On a recent deployment I ran into an issue where everything was working correctly except an external user trying to join or create an Audio Video Conference. The customer had an enterprise edition consolidated configuration behind an F5 Load Balancer. Doing our initial sip traces we were able to see a 500 error when the external user would try to join or create a conference.
Start-Line: SIP/2.0 500 The server encountered an unexpected internal error
ms-diagnostics: 3080;reason="Internal Error: AddUser failed";source="front end server fqdn"
I removed most of the trace except the important parts. What you will see in the above trace is the SIP 500 error, and then at the bottom the AddUser is failing on the front end server. This exact symptom with an enterprise pool behind load balancers points to this KB article: http://support.microsoft.com/kb/946091. This fix explains an issue with the load balancer being in DNAT mode instead of SNAT mode. However our F5 was using SNAT for all of the OCS traffic, and the pool setting was correctly set to not be in DNAT mode.
Running more traces another error popped up which was a SIP 403 Forbidden:
SIP/2.0 403 Forbidden
SERVER: RTCC/126.96.36.199 MRAS/2.0
ms-edge-proxy-message-trust: ms-source-type=EdgeProxyGenerated;ms-ep-fqdn=Edge Internal interfacefqdn;ms-source-verified-user=verified
Ms-diagnostics: 9006;source="Edge Internal interfacefqdn";reason="Forbidden";component="Media Relay Authentication Service"
This basically means that the front end server is not able to get media relay authentication from the edge server A/V internal interface.
If this is happening you will also see an error in the event logs:
Log Name: Office Communications Server
Source: OCS Audio-Video Conferencing Server
Date: 9/25/2009 4:12:14 PM
Event ID: 32018
Task Category: (1017)
Computer: FRONT END SERVER FQDN
The Audio-Video Conferencing Server encountered an error when requesting credentials from the A/V Edge Authentication Service.
A/V Authentication Service Service URI sip:EdgeInternalFQDN@swk.pri;gruu;opaque=srvr:MRAS:HqCEupOMck6C3onsDHul1wAA, Reason: The operation has failed. See the exception’s properties as well as the logs for additional information.
Cause: The Audio-Video Conferencing Server cannot communicate with A/V Authentication Service.
Check the A/V Authentication Service is alive and that network connectivity exists.
Connectivity was available through the internal edge VIP as well as each individual edge server’s internal interface. Also, if you ran an A/V Conferencing Validation on each of the front end servers it would succeed on all tests.

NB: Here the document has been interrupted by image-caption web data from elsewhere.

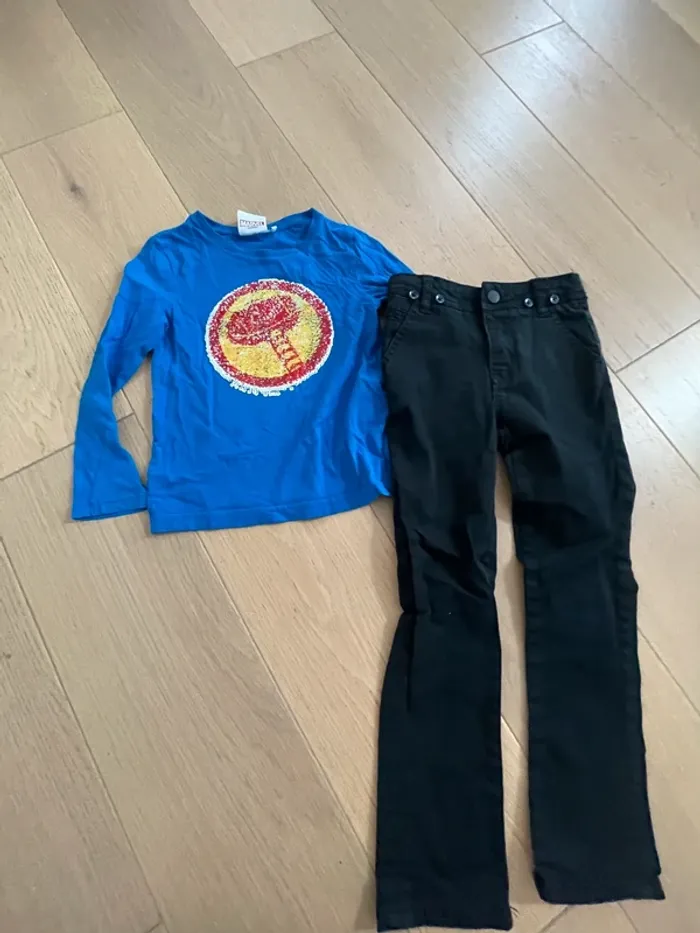 Jeans et t shirt Marvel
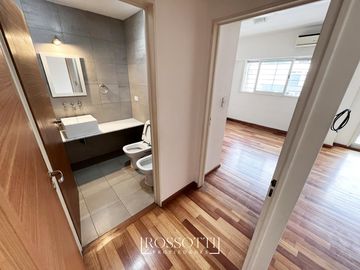 Exc. depto 2 amb. c/ Balcón al frente - en Suite - Cocina c/ barra desayunadora - 46m2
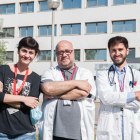 Imatge de Marta Tajes, Josep Comín i Carles Díez, investigadors del grup BIOHEART.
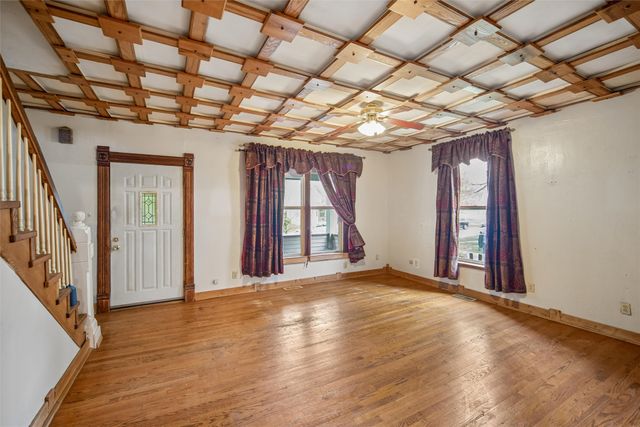 1144 27th Street, Des Moines, IA 50311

I ran through this with PSS and there were two things we discovered. The first potential issue was on the Internal tab setting of the edge server. Per the Microsoft documentation when doing an enterprise deployment the name that should be listed on the “Internal Servers Authorized to Connect to this edge server” setting is the pool FQDN, not each individual front end server. There has been some debate about whether you should add the FQDN of each front end server to this list as well, because we were seeing the front end servers get denied access to the A/V Authentication service we decided to try it anyways.
The other change that was made was in the forest global settings section. On the general tab you specify your internal SIP domains and you check one for the default routing domain. In this case the customer AD domain was different from the SIP domain, both were listed, however the AD Domain was checked as the domain to be used for the default routing. Once we changed that setting to have the SIP Domain as the default routing domain and restarted the services on the front end servers, A/V conferencing started functioning properly.
I am hoping I can remove each setting and try to narrow it down to one ,but either way the internal interface setting has proved to fix some funky issues in deployments, so both of these may want to be set regardless.